Automated training data labeling from legal documents via NLP modality extraction
Incremental LoRA adapter fine-tuning with epoch/batch training loop structure
Checkpoint saving and resume from checkpoint
Adapter version management (deploy, rollback, list versions)
Knowledge graph context enrichment via AQL graph traversal queries
Vector similarity search for finding semantically similar documents
Confidence-threshold filtering and human-review flagging for low-confidence samples

Out of Scope:

The NLP modality extractor itself (provided by analytics/nlp_text_analyzer)
Raw LLM base model management or quantization
Training data storage schema definition (handled by the storage module)
Serving or inference of trained adapters (handled by the LLM integration layer)
Distributed/multi-GPU training coordination

Key Components

LegalAutoLabeler

Location: auto_labeler.cpp

Automatically generates labeled training samples from legal documents stored in ThemisDB. Uses analytics::NlpTextAnalyzer to extract deontic modalities (must/shall/may/etc.) from text, then converts each detected modality into an input/output training pair.

Features:

labelAll() — process every document in the configured source collection
labelDocument(id) — label a single document by ID, returns std::vector<TrainingSample>
labelQuery(aql) — label documents matching an arbitrary AQL query
getLowConfidenceSamples(threshold) — retrieve samples below the confidence threshold for human review
updateSampleConfidence(id, score, reviewer) — record human review decisions
Configurable min_confidence threshold and flag_low_confidence for review queue
Supports German (de) and other language_code configurations
Pimpl pattern for ABI stability

Training Sample Structure: Each TrainingSample contains an input (analysis instruction + source text), an output (category, deontic logic label, and interpretation), a confidence score from the NLP analyzer, and source_id linking back to the originating document.

IncrementalLoRATrainer

Location: incremental_lora_trainer.cpp

Manages the full lifecycle of LoRA (Low-Rank Adaptation) adapter training: initial training, incremental fine-tuning on new data, checkpoint save/resume, evaluation, deployment, and rollback.

Features:

train(mode, callback) — run training in INITIAL or INCREMENTAL mode
resumeFromCheckpoint(path, callback) — load checkpoint and continue training
evaluate(adapter_version) — compute validation loss and accuracy for a stored adapter
deployVersion(version, traffic_split) — route a configurable fraction of traffic to a new adapter version
rollbackVersion(target_version) — revert to a previously deployed adapter
listVersions() — enumerate available adapter versions
setHyperparameters(rank, alpha, lr) — configure LoRA rank, scaling factor, and learning rate
setCheckpointing(enabled, steps) — enable periodic checkpoint saves during training
Training callback (epoch, step, loss, message) for progress monitoring
Pimpl pattern for ABI stability

Training Configuration (IncrementalTrainingConfig): adapter_version, num_epochs, batch_size, and source_collection name for fetching training samples.

KnowledgeGraphEnricher

Location: knowledge_graph_enricher.cpp

Enriches existing TrainingSample records with graph-derived context by executing AQL traversal queries against ThemisDB's graph store.
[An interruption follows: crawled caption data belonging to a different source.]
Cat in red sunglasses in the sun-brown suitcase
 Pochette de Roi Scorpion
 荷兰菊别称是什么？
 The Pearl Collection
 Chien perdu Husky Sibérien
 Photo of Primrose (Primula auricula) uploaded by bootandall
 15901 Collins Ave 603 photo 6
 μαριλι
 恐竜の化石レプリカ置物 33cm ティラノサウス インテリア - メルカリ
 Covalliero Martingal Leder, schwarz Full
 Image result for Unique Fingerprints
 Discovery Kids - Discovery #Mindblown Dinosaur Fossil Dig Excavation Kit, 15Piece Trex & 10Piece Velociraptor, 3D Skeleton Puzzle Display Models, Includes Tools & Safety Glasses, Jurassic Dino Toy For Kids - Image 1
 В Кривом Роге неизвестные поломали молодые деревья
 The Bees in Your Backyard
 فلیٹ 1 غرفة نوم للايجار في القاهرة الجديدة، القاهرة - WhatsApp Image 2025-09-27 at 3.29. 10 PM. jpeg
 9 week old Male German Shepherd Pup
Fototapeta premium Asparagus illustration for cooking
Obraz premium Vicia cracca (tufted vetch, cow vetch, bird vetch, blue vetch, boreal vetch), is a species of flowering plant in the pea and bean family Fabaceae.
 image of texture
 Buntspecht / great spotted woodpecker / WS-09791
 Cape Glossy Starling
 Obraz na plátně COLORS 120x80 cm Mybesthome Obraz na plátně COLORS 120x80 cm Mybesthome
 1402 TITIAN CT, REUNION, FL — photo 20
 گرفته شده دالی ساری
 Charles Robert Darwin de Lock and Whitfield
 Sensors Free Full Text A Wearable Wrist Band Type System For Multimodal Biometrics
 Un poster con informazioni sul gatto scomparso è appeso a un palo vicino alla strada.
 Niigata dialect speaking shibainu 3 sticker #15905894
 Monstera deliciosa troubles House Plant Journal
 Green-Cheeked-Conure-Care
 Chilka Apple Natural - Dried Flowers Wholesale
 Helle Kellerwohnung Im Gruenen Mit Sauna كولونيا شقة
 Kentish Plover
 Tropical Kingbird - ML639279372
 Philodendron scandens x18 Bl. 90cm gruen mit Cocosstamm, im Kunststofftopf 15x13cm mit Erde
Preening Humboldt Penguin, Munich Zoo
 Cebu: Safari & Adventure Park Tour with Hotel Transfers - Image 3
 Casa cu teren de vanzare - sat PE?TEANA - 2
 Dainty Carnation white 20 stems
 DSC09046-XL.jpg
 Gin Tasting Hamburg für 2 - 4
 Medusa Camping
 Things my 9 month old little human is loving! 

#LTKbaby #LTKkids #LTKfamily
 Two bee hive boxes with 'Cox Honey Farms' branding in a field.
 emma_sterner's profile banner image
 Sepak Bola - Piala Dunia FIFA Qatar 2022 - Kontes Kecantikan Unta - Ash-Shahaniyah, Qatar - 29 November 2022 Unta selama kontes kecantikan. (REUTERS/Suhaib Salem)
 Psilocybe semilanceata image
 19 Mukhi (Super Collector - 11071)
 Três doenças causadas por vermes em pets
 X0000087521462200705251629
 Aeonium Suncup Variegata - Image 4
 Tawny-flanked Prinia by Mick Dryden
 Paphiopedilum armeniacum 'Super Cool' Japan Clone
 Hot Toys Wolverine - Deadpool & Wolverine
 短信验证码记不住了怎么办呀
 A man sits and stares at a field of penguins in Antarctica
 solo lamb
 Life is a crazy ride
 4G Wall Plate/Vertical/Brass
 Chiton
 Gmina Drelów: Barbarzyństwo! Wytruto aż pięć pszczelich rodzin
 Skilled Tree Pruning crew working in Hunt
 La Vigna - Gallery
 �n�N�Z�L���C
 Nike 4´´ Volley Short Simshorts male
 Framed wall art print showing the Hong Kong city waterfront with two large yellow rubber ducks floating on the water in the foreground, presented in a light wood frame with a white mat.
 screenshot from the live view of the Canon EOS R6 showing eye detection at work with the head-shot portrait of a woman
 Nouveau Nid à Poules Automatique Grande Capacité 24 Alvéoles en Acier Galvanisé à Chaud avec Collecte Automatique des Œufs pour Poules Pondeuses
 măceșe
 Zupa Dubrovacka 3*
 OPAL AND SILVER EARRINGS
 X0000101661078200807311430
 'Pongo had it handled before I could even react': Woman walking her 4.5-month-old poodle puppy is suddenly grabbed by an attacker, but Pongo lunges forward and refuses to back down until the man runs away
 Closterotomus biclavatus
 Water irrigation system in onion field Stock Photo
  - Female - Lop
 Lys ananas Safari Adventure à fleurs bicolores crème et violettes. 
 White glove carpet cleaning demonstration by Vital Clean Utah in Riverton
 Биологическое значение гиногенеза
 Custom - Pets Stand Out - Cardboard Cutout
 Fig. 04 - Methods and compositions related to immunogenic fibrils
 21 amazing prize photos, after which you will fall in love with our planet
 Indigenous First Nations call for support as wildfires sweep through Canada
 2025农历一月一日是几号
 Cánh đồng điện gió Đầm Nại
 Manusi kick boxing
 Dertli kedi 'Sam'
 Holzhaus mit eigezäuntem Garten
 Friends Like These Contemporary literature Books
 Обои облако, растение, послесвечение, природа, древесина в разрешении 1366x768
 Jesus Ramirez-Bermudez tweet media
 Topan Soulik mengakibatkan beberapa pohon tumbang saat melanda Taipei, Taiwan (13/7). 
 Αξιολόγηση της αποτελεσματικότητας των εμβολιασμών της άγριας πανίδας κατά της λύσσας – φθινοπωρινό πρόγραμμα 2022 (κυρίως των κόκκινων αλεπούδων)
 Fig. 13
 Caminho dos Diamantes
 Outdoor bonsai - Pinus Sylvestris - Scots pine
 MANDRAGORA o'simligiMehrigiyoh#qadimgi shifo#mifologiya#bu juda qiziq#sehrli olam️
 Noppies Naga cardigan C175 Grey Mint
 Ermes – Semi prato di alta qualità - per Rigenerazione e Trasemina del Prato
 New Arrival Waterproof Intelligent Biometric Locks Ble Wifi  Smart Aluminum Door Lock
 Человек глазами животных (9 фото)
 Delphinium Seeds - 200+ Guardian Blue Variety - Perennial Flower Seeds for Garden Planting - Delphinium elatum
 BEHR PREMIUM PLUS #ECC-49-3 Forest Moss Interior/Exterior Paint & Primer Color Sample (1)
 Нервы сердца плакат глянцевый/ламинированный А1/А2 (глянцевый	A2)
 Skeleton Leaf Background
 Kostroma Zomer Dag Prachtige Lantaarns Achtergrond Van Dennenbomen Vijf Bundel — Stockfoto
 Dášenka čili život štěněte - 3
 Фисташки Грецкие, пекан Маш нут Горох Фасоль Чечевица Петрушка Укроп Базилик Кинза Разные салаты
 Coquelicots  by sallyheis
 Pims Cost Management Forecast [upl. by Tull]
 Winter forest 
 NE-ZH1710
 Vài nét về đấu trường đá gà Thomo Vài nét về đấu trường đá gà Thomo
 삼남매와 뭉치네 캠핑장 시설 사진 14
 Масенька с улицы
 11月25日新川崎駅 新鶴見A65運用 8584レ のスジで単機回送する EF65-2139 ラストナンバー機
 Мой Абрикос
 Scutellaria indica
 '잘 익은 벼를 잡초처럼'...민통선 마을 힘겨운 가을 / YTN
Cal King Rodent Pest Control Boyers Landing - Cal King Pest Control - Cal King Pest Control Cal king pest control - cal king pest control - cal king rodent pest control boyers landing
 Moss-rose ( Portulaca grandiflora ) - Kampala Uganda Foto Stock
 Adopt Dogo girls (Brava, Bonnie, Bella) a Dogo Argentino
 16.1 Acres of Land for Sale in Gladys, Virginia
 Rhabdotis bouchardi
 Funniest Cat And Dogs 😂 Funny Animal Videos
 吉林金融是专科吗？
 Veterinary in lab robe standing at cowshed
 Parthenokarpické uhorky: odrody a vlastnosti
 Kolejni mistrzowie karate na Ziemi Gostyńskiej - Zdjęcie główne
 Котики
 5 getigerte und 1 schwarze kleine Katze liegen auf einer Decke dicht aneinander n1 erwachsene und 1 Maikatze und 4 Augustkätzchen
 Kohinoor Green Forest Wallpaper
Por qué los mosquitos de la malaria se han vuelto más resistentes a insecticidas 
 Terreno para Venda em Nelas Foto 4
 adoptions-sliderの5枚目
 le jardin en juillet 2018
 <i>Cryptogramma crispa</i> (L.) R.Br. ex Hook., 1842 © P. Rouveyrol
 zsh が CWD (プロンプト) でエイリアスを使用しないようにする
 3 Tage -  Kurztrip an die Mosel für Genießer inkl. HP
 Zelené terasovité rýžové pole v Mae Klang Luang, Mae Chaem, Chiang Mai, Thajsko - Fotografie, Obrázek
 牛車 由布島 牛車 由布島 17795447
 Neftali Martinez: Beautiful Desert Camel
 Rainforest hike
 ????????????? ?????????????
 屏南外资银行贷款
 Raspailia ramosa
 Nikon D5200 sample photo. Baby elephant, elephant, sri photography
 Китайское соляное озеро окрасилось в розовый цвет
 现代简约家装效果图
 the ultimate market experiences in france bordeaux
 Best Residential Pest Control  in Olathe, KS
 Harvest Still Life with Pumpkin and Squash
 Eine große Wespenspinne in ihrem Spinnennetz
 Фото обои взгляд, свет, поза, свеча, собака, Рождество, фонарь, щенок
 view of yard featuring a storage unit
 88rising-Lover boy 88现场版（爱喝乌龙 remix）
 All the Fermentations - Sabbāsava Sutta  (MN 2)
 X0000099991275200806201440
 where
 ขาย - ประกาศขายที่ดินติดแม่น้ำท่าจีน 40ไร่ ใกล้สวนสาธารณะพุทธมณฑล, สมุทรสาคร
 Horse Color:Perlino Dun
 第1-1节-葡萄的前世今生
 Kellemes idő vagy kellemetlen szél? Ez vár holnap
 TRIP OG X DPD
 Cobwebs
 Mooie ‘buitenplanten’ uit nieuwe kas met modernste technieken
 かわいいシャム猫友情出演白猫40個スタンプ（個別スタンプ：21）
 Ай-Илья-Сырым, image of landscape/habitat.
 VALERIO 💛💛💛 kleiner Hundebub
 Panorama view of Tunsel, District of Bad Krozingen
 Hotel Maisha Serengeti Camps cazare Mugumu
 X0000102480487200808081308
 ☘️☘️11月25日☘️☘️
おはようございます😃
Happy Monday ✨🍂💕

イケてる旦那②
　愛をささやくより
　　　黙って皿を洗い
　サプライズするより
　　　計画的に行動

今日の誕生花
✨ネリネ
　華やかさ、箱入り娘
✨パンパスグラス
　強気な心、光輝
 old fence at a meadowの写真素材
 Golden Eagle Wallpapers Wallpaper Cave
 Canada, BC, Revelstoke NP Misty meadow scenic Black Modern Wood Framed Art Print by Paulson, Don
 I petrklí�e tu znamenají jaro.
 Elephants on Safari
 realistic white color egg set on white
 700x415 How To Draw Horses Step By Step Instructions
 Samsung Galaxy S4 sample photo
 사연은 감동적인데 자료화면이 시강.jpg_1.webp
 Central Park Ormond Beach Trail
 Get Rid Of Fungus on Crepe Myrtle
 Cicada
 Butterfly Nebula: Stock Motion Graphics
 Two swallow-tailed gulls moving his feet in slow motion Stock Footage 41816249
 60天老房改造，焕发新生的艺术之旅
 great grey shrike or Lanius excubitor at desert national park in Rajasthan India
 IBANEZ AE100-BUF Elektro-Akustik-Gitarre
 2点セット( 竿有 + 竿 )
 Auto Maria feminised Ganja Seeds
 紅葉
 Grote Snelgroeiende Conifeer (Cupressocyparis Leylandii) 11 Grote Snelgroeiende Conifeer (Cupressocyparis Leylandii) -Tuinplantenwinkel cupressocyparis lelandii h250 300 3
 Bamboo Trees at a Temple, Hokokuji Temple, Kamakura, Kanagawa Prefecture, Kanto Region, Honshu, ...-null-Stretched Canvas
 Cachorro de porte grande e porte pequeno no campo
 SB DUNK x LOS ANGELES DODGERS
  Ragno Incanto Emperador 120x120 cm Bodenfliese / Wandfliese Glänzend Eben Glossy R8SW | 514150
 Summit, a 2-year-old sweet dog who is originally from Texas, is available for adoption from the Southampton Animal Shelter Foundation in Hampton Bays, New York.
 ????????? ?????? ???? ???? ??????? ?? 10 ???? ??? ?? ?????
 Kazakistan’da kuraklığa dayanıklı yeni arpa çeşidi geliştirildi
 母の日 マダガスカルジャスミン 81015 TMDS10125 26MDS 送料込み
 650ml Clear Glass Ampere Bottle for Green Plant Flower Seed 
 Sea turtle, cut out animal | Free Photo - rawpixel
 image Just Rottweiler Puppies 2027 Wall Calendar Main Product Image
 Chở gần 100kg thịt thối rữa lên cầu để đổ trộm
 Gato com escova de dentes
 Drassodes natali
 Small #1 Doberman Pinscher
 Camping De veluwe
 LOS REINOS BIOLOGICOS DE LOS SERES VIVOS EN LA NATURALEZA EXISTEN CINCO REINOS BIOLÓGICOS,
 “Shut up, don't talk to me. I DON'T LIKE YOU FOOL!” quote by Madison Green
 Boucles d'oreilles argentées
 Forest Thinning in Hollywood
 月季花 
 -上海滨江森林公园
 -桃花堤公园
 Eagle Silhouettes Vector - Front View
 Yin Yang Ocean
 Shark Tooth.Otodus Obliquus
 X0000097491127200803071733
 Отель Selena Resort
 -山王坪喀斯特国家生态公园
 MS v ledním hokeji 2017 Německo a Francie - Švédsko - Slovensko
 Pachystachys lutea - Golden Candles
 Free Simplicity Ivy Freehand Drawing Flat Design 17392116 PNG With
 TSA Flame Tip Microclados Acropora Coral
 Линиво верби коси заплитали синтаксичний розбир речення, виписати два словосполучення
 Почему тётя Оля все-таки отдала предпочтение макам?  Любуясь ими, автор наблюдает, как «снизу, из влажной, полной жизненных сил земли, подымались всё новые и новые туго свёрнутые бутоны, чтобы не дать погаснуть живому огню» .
Adds related legal provisions, case law citations, and semantically similar documents to each sample's context.

Features:

enrichAll(callback) — enrich every sample in the target collection
enrichSample(sample_id) — enrich a single sample, returns a GraphContext
enrichQuery(aql, callback) — enrich samples matching an AQL query
findRelatedProvisions(doc_id, max) — graph outbound traversal to find referenced provisions
findRelatedCaseLaw(doc_id, max) — graph traversal filtering for document_type == "case_law"
findSimilarDocuments(doc_id, max) — cosine similarity search over document embeddings
setCustomQuery(name, aql) — register named custom AQL queries for domain-specific traversals
Configurable flags: include_provisions, include_case_law, include_similar_docs, max_related_items
Pimpl pattern for ABI stability

GraphContext Structure: related_provisions (list of document keys), case_law (list of document keys), similar_documents (list of document keys), and context_summary (human-readable summary string).

Architecture

LegalAutoLabeler
    │
    ├─ analytics::NlpTextAnalyzer  ← extracts deontic modalities from text
    ├─ Database source collection  ← legal documents (AQL query)
    └─► TrainingSample[]           ── written to training samples collection

KnowledgeGraphEnricher
    │
    ├─ AQL graph traversal         ← related provisions, case law
    ├─ Vector similarity search    ← similar documents (embedding index)
    └─► GraphContext               ── merged into TrainingSample.graph_context

IncrementalLoRATrainer
    │
    ├─ Database training collection ← reads TrainingSample[] (with graph context)
    ├─ Training loop (epochs/batches)
    ├─ Checkpoint storage
    └─► LoRA adapter versions       ── stored and versioned for deployment

Dependencies

Internal Dependencies

analytics/nlp_text_analyzer.h — legal modality extraction (NLP)
training/auto_labeler.h — LegalAutoLabeler, TrainingSample, AutoLabelConfig
training/incremental_lora_trainer.h — IncrementalLoRATrainer, IncrementalTrainingConfig, TrainingResult
training/knowledge_graph_enricher.h — KnowledgeGraphEnricher, EnrichmentConfig, GraphContext

External Dependencies

<chrono> — elapsed time tracking in training/enrichment stats
<stdexcept> — exception propagation
AQL query executor (QueryEngine / executeAql() from query/aql_runner.h) — document ID fetch in labelAll(), document text fetch in labelDocument(), user-supplied queries in labelQuery(). Pass a QueryEngine* to LegalAutoLabeler at construction time. Pass nullptr to run in offline/test mode (no DB access).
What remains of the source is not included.